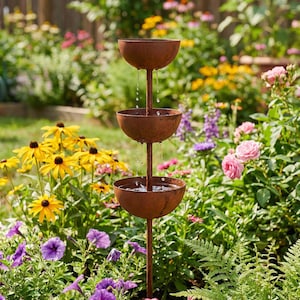 Può includere: Una fontana in metallo marrone arrugginito a tre livelli con ciotole, situata in un giardino. L'acqua scorre a cascata da ogni ciotola, creando un effetto tranquillo. Il giardino presenta una varietà di fiori colorati, tra cui fiori gialli, rosa e viola.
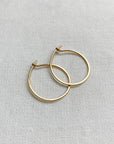 hammered gold hoop earrings, 18k hoops, gold jewelry, gold hoops, hilary finck jewelry, hoop earrings, handmade jewelry.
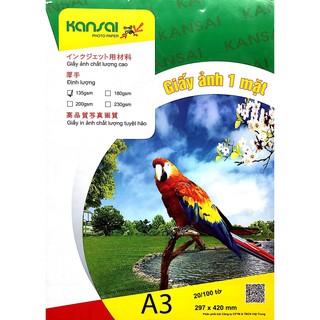 Giấy in ảnh KANSAI 1 mặt A3 định lượng 180 gsm - KS-13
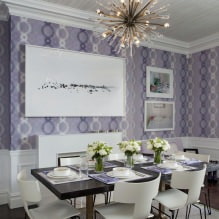 Lilac tapeter i interiören: utsikt, design, val av stil och gardiner, kombinationer, 55 foto-3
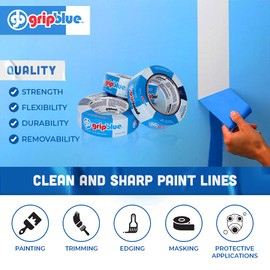 GripBlue Blue Painters Tape 1.5 inch Wide, Masking Tape Blue 1.41in x 60yds, 30 Rolls of Blue Paint Tape, 1.5 Inch Painters Tape for Sharp Lines, Blue Tape is Surface-Safe & Residue-Free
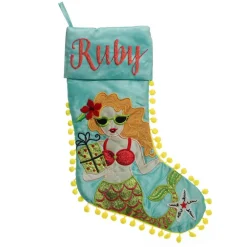 Personalised Pom Pom Beach Mermaid Christmas Stocking Fashion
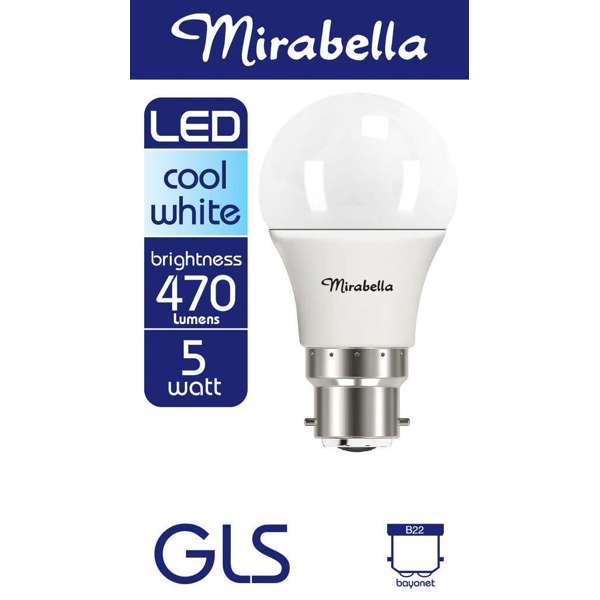 Mirabella LED GLS Globe 5W BC Cool White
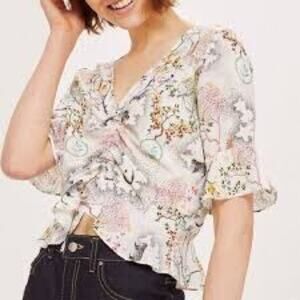 TopShop White Floral Leopard Ruched Crop Top Sz.4
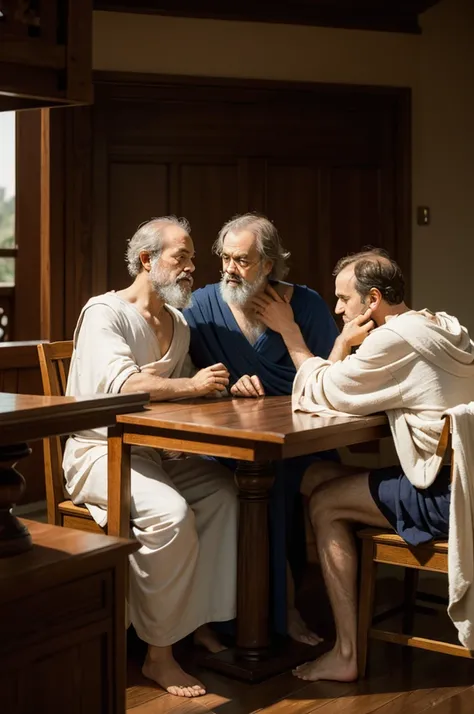 create image of aristotle, plato and socrates together telling secrets at a table 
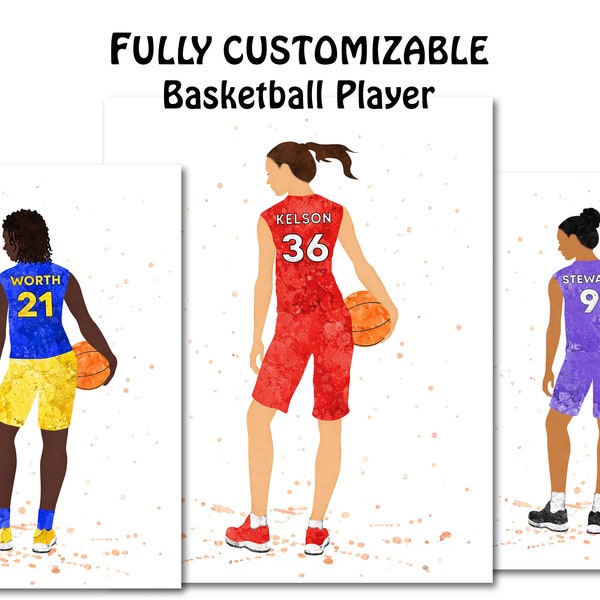 Joueur de basket-ball personnalisé affiche photo couleurs personnalisées numéro nom femme basket-ball peinture impression fille femme mur Art cadeau pour elle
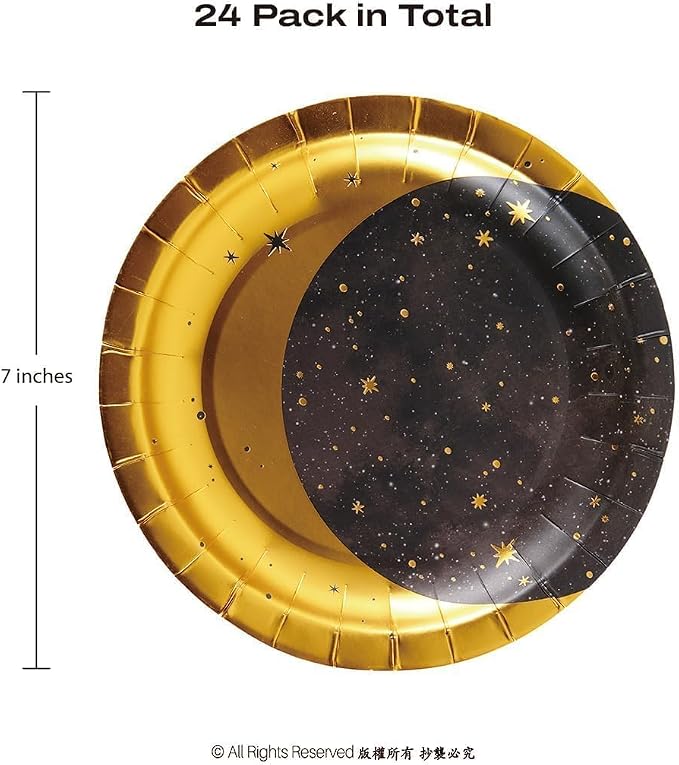 Cheerland Gold Metallic Foil Star and Moon Paper Plates for Galaxy Theme Party Tableware Set Starry Night Outer Space Birthday Sun and Moon Party Decorations Twinkle Twinkle Little Stars (24, Gold)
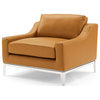 Armchair and Loveseat Sofa Set, Leather, Tan, Modern, Living Lounge Hospitality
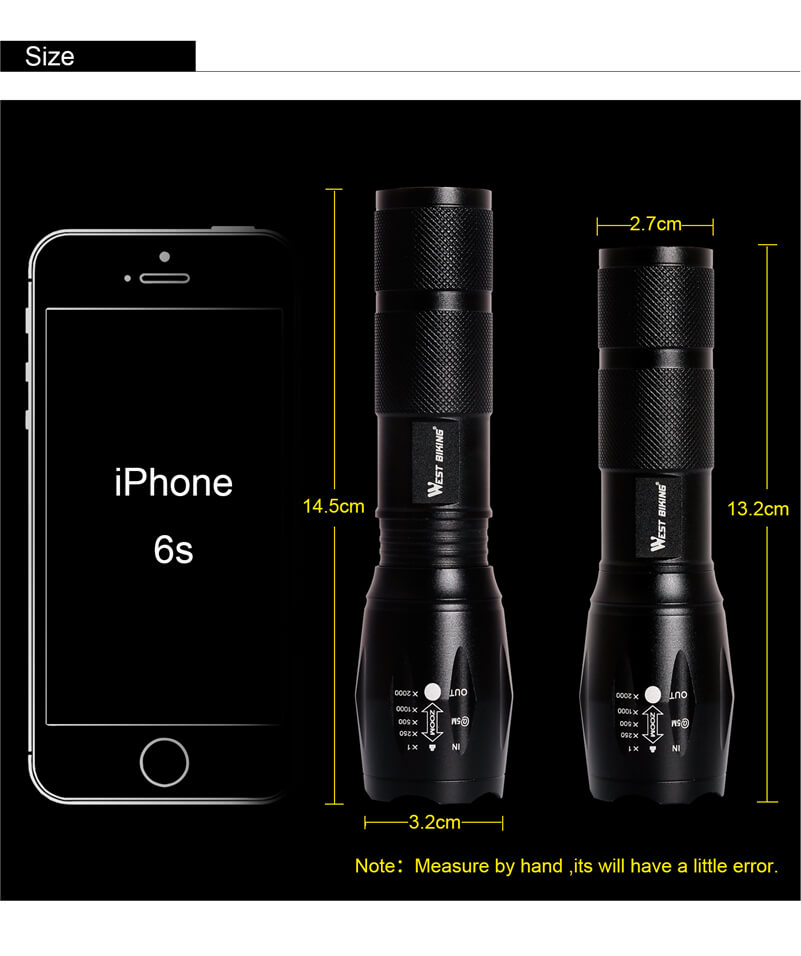 USB dobíjecí zoom kol přední LED svítilna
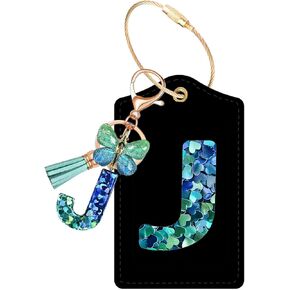 Initial Luggage Tag for Suitcase, Crystal Letter with Tassel Butterfly Keychains Leather Bag Tags, Identifiers Privacy Cover ID Label with Durable Steel Loop for Women Men Kids Travel, Green Letter A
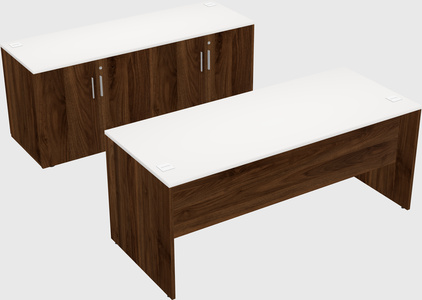 Parallel desk with credenza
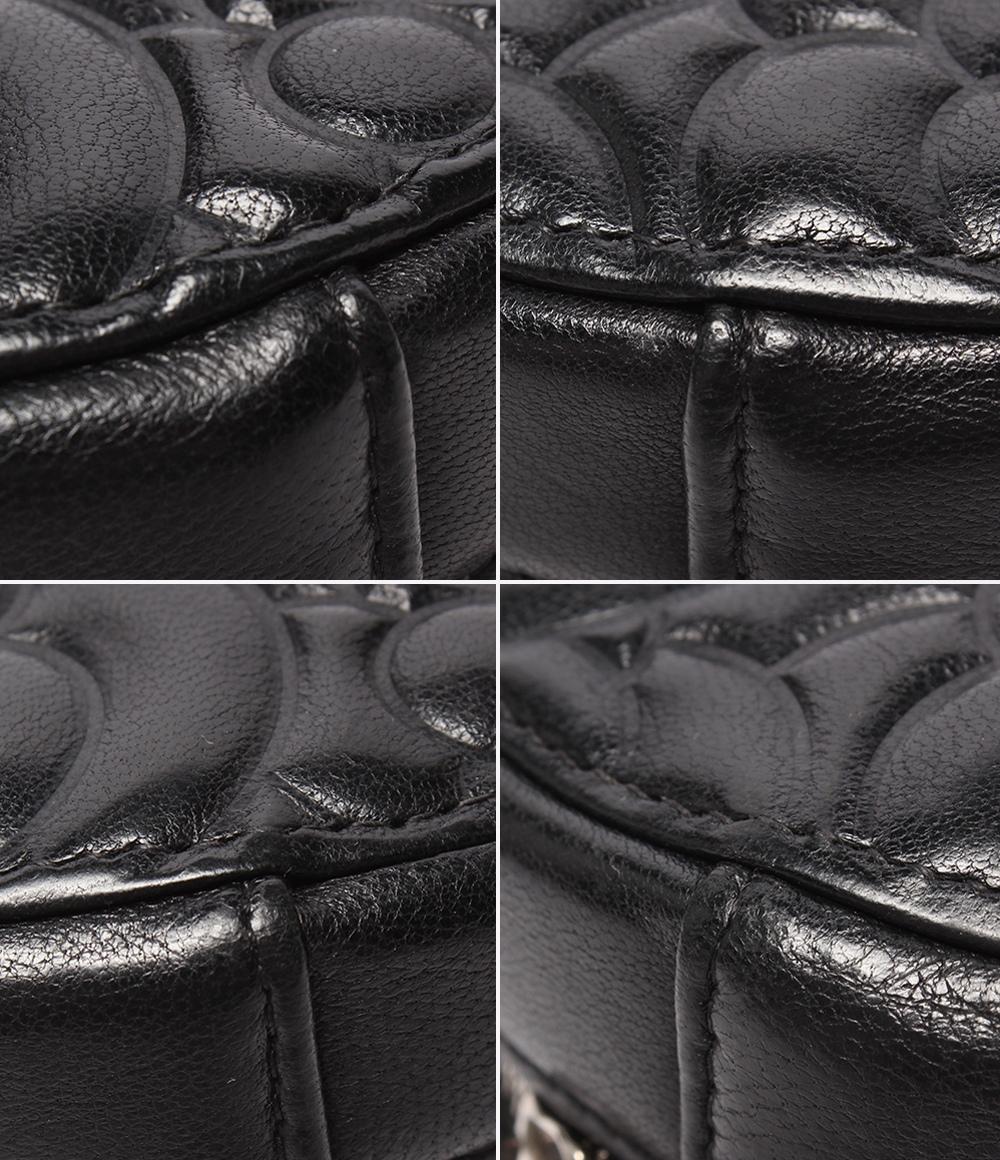 CHANEL レザー チェーンショルダーバッグ カメリア ラウンドミニ ポシェット シルバー金具 27番台 ココマーク レディース シャネル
● ● ● ●
## WORK ITEM
Your task is to retype, exactly and only, the lines from the line holding "USB dobíjecí zoom kol přední LED svítilna" through the final line of the data above, with both ends kept. Drop the pictures.

## ANSWER SECTION
 USB dobíjecí zoom kol přední LED svítilna
 Initial Luggage Tag for Suitcase, Crystal Letter with Tassel Butterfly Keychains Leather Bag Tags, Identifiers Privacy Cover ID Label with Durable Steel Loop for Women Men Kids Travel, Green Letter A
 Parallel desk with credenza
 CHANEL レザー チェーンショルダーバッグ カメリア ラウンドミニ ポシェット シルバー金具 27番台 ココマーク レディース シャネル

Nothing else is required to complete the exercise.